== DATA BELOW ==

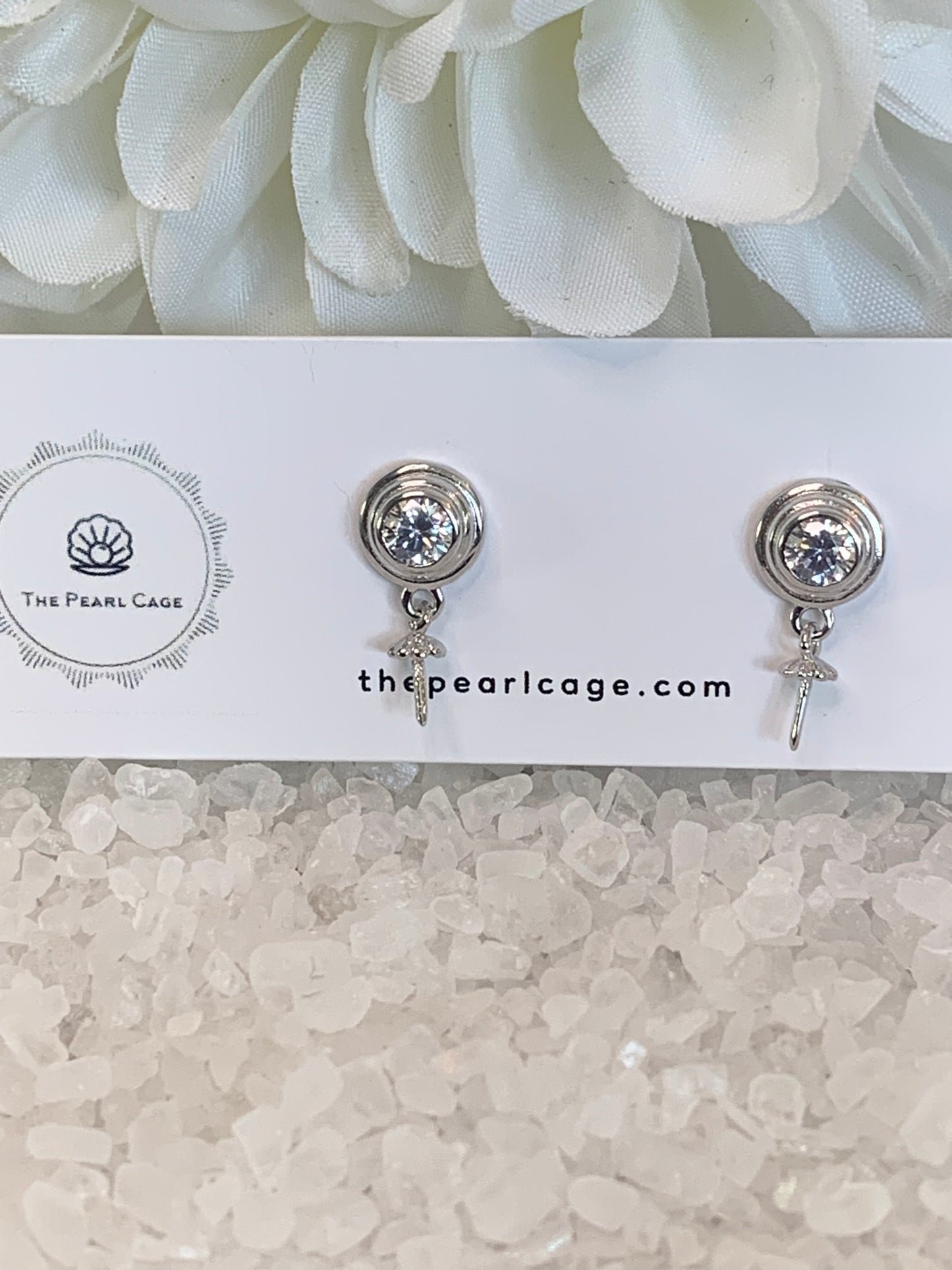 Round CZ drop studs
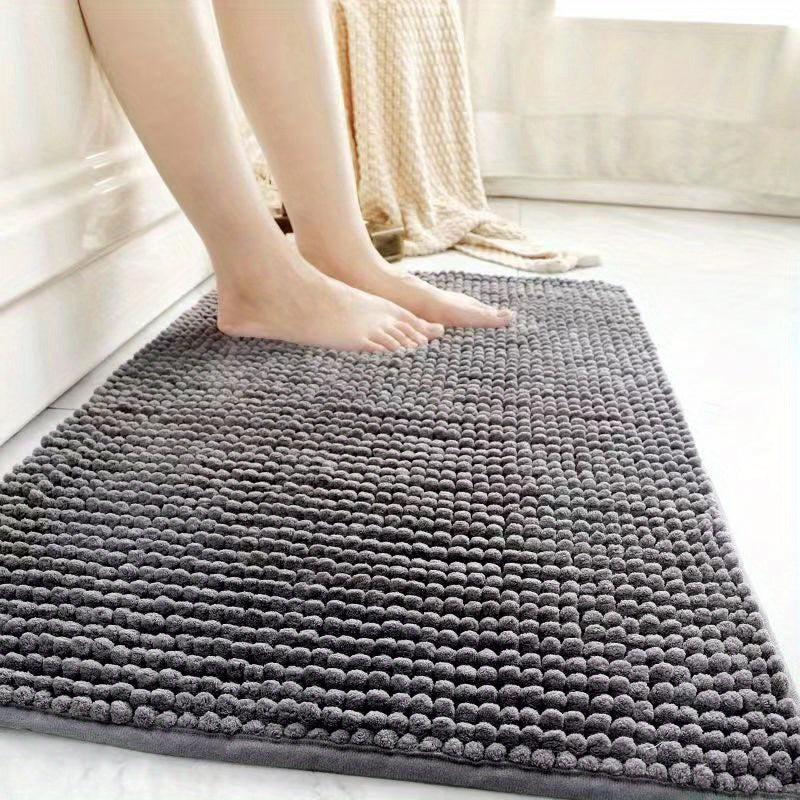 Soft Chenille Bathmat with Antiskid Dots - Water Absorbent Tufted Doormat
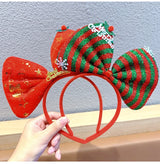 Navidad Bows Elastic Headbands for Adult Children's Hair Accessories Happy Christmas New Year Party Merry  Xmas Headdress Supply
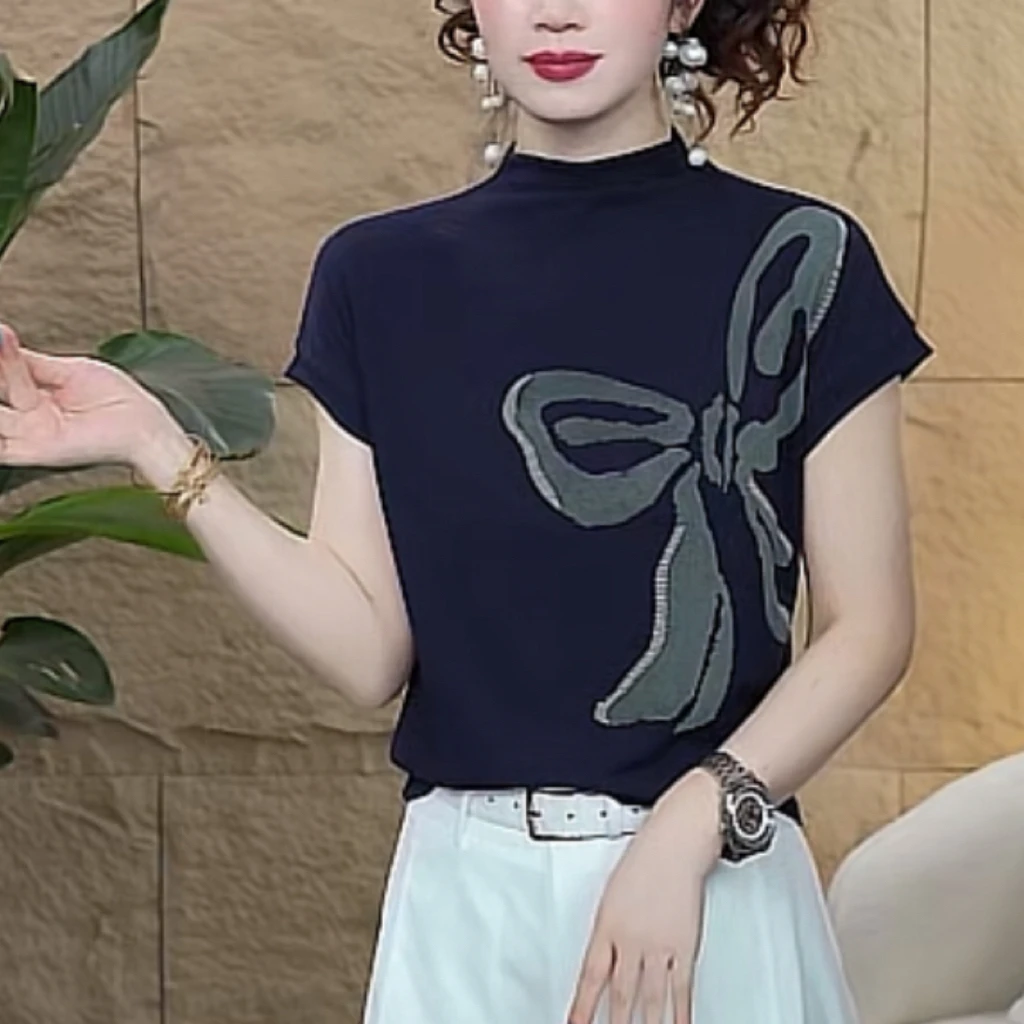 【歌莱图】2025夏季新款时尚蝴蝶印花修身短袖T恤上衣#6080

===

HOW TO COMPLETE THIS TASK:
Images are to be left out; everything else in the material must be written out exactly.

YOUR SOLUTION:
 Round CZ drop studs
 Soft Chenille Bathmat with Antiskid Dots - Water Absorbent Tufted Doormat
 Navidad Bows Elastic Headbands for Adult Children's Hair Accessories Happy Christmas New Year Party Merry  Xmas Headdress Supply
 【歌莱图】2025夏季新款时尚蝴蝶印花修身短袖T恤上衣#6080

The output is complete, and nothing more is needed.